▶ **What to work on**: Word for word, write the lines below out again, with no pictures.

▶ **Data segment**:
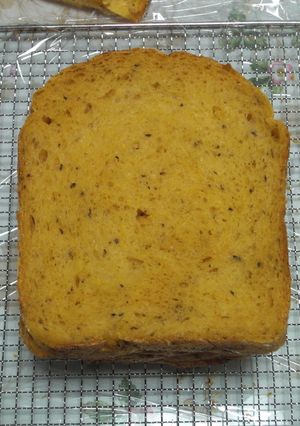 トマト食パン-レシピのメイン写真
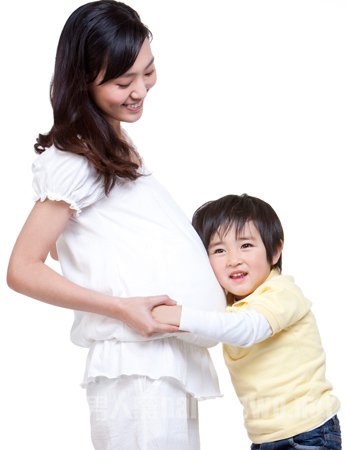 高龄生二胎怀孕一个月主要特征,大龄孕妈多久适合要二胎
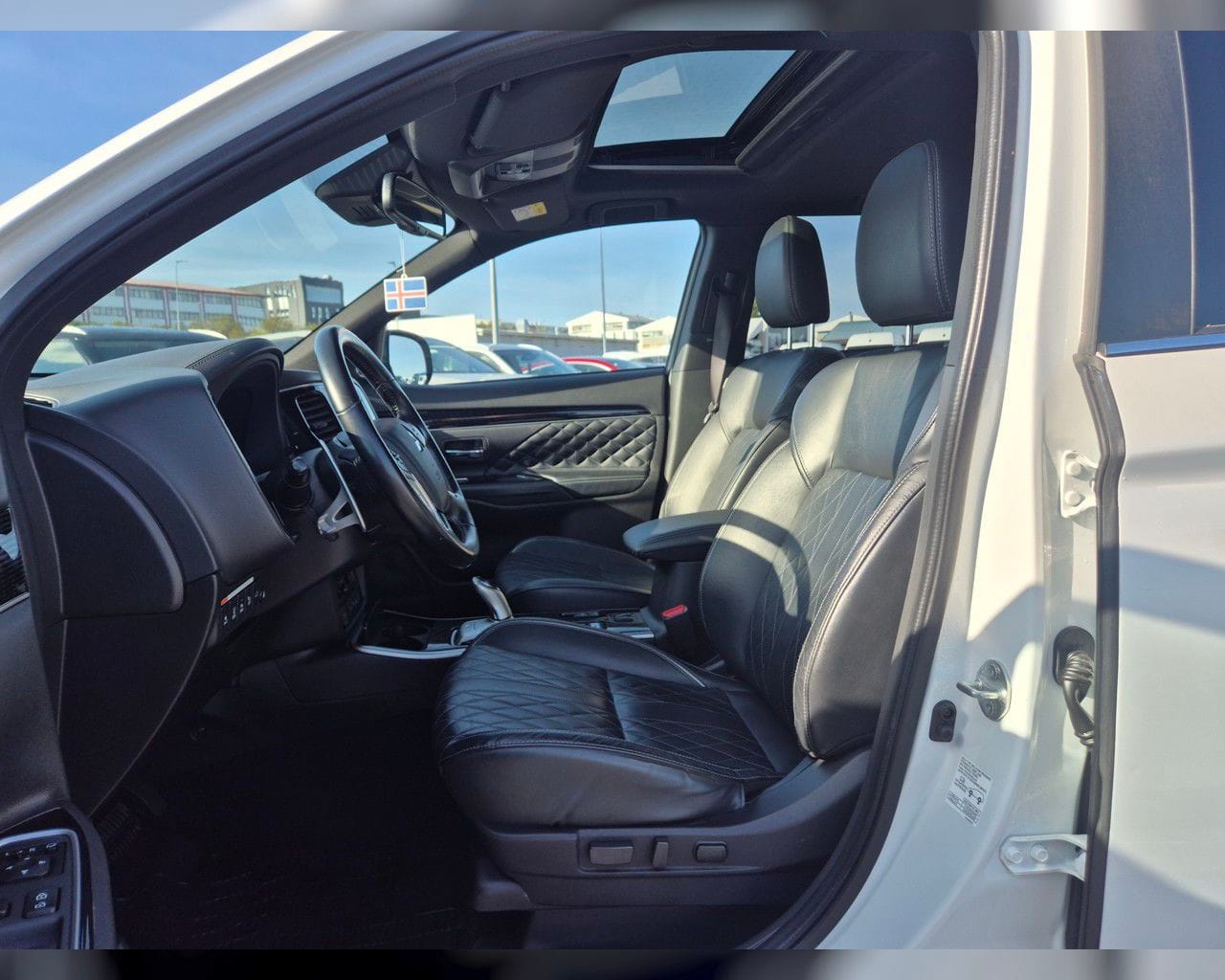MITSUBISHI OUTLANDER INSTYLE PHEV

▶ **Written solution**:
 トマト食パン-レシピのメイン写真
 高龄生二胎怀孕一个月主要特征,大龄孕妈多久适合要二胎
MITSUBISHI OUTLANDER INSTYLE PHEV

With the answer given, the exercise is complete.